An officer stopped Mr. Gorman, who was driving his motorhome, for a traffic violation. After a few initial questions, the officer became suspicious Mr. Gorman might be transporting drug money. The officer did not have a drug dog available and could not come up with enough for probable cause, so he eventually let Mr. Gorman go. The officer then called another Sheriff's office, and gave them information about Mr. Gorman. Another officer then again stopped Mr. Gorman, this time with a drug dog. The dog altered and the officer found money, which the government went after in a civil forfeiture proceeding.
This case has great language on both the prolonged detention and multiple traffic stops issues. The Court held, the "first roadside detention was
unreasonably prolonged in violation of the Fourth
Amendment. The dog sniff and the search of Gorman’s
vehicle, in turn, followed directly in an unbroken causal
chain of events from that constitutional violation. As a
result, the seized currency is the 'fruit of the poisonous tree' and was properly suppressed under the exclusionary rule."
The discussion of prolonged detentionsis especially helpful:
The Supreme Court has made clear that traffic stops can last only as long as is reasonably necessary to carry out the “mission” of the stop, unless police have an independent reason to detain the motorist longer.
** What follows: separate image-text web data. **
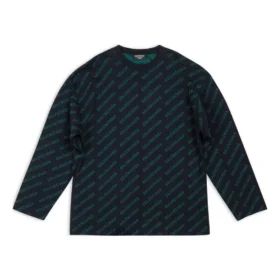 Pulover cu logo pe toată suprafața „Albastru închis-verde” 736247T32334301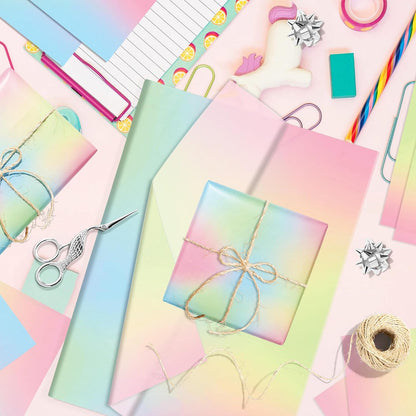 60 Sheets Gradient Rainbow Tissue Paper, 20x14 Pink Gradient Rainbow Tie Dye Styled Gift Wrapping Paper forIY Art Craft Gay Pride Party Bags Birthday Wedding Party Decor Supplies (A)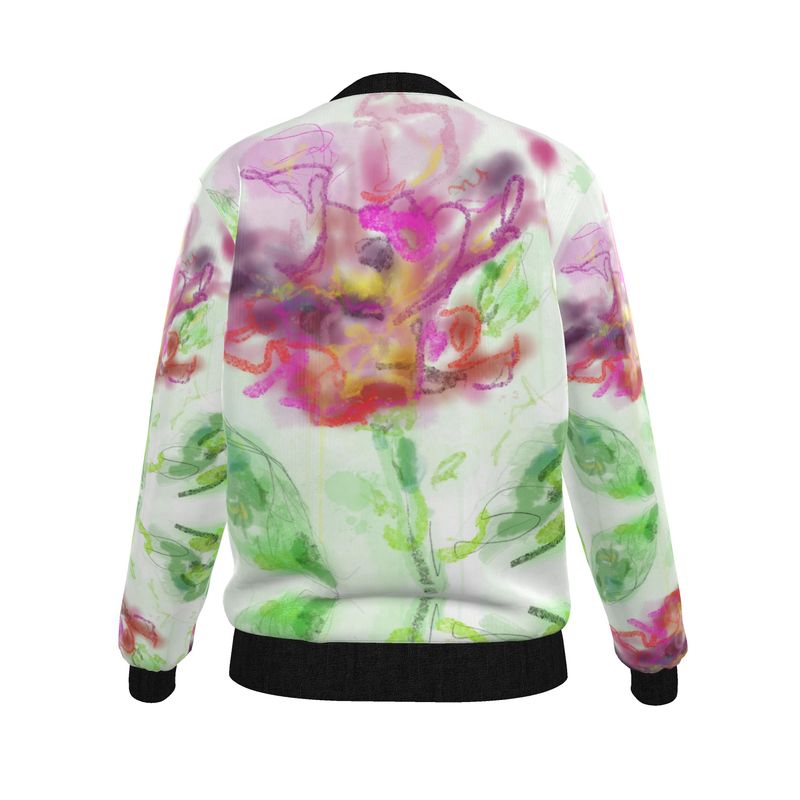 Blue Hibiscus/Pop of Pink Women's Reversible Silk Bomber Jacket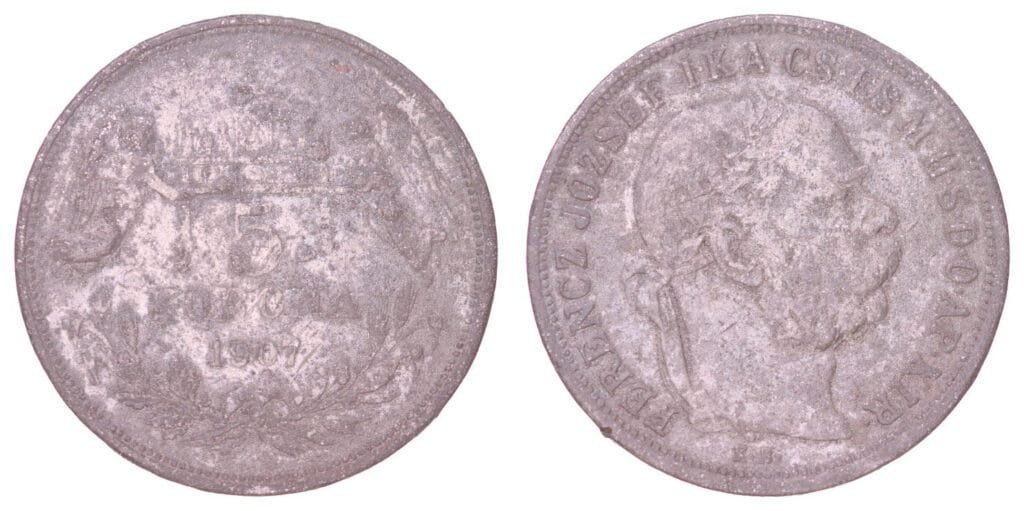 HUNGARY 5 korona 1907 / Vintage forgery / F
The “mission” of a stop includes “determining whether to issue a traffic ticket” and “checking the driver’s license, determining whether there are outstanding warrants against the driver, and inspecting the automobile’s registration and proof of insurance.” A stop that is unreasonably prolonged beyond the time needed to perform these tasks ordinarily violates the Constitution.
This is so because the “[t]emporary detention of individuals during the stop of an automobile by the police, even if only for a brief period and for a limited purpose, constitutes a ‘seizure’ of ‘persons’ within the meaning of [the Fourth Amendment].” The observation of a traffic infraction provides “[a]uthority for the seizure” of the driver only until the “tasks tied to the traffic infraction are – or reasonably should have been – completed.” Thus, “[a] seizure justified only by a policeobserved traffic violation . . . become[s] unlawful if it is prolonged beyond the time reasonably required to complete” the stop’s mission.
The Supreme Court has indicated that within “the time reasonably required to complete” the stop’s mission, the Fourth Amendment may tolerate investigations that are unrelated to the purpose of the stop and that fall outside the scope of that mission. Id. at 1615. The Court is clear, however, that these “unrelated investigations” are impermissible if they “lengthen the roadside detention.” Police simply may not perform unrelated investigations that prolong a stop unless they have “independent reasonable suspicion justifying [the] prolongation.”
Non-routine record checks and dog sniffs are paradigm examples of “unrelated investigations” that may not be performed if they prolong a roadside detention absent independent reasonable suspicion. These inquiries “[l]ack[] the same close connection to roadway safety as the ordinary inquiries.” We have held that prolonging a traffic stop to perform an ex-felon registration check or a dog sniff is unlawful because these tasks are “aimed at detecting evidence of ordinary criminal wrongdoing” and are not “ordinary inquir[ies] incident to the traffic stop.” “[T]he Government’s endeavor to detect crime in general or drug trafficking in particular . . . cannot justify prolonging an ordinary traffic stop . . . .” “Such on scene investigation into other crimes detours from an officer’s traffic mission.”